§ Supplied data:
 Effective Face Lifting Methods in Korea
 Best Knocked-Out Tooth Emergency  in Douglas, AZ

...

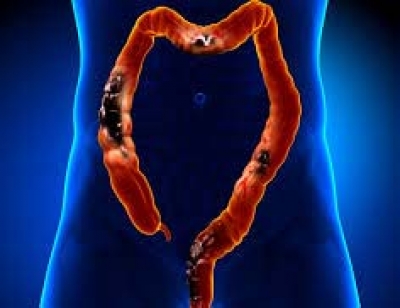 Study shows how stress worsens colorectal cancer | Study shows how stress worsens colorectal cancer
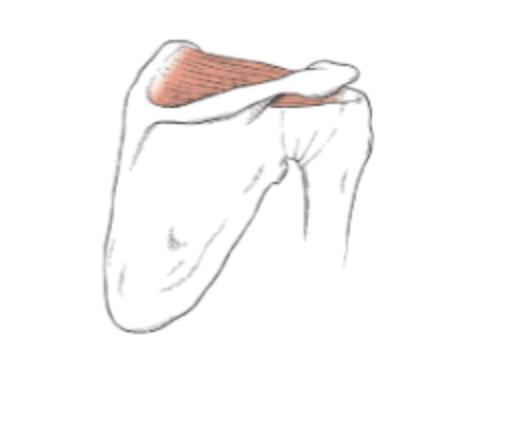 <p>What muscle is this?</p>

---

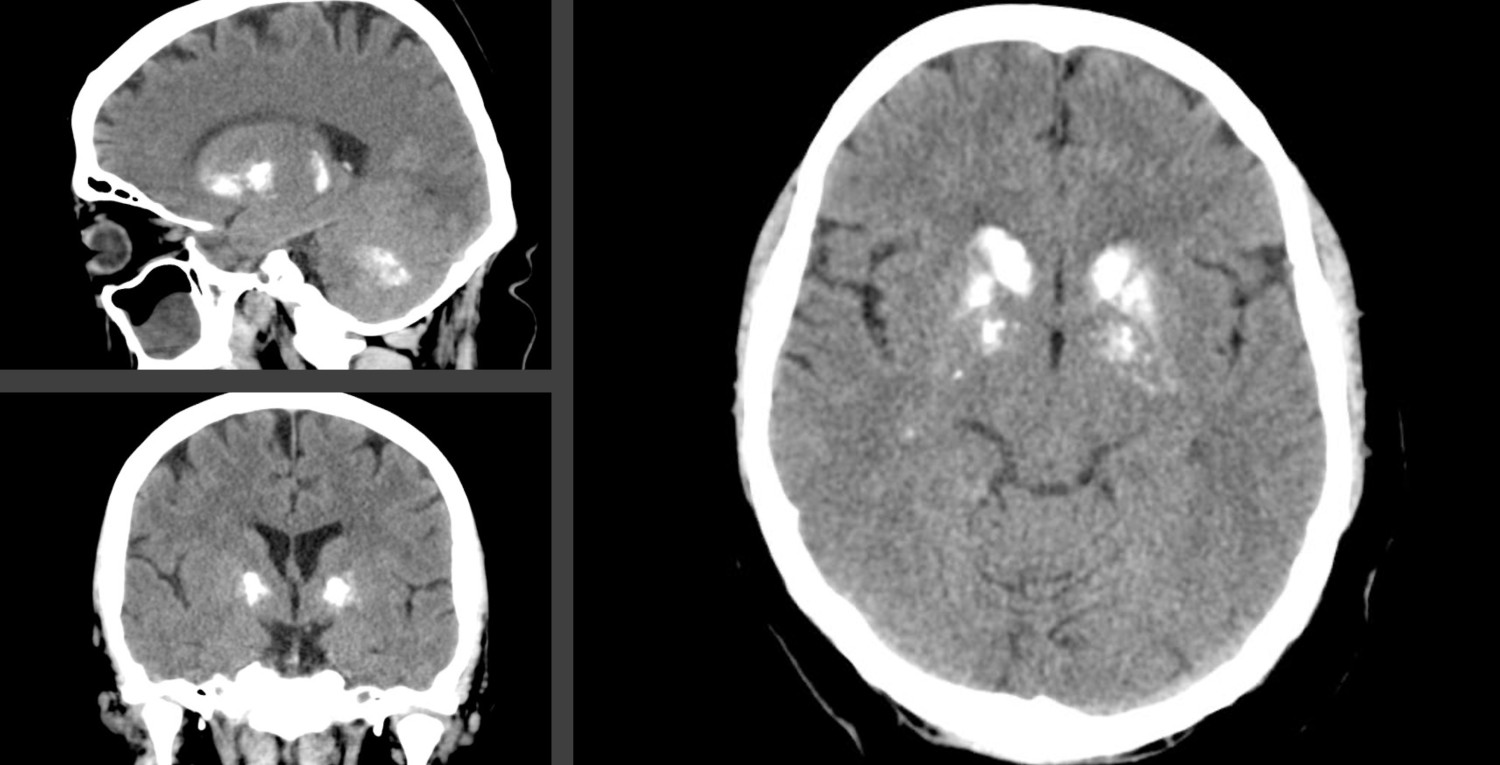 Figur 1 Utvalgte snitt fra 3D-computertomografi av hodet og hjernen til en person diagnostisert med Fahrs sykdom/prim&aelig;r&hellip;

§ Work request: Using the data above, repeat exactly the lines that begin at the line with "Effective Face Lifting Methods in Korea" and end at the line with "Best Knocked-Out Tooth", both ends included.

§ Problem solution:
 Effective Face Lifting Methods in Korea
 Best Knocked-Out Tooth Emergency  in Douglas, AZ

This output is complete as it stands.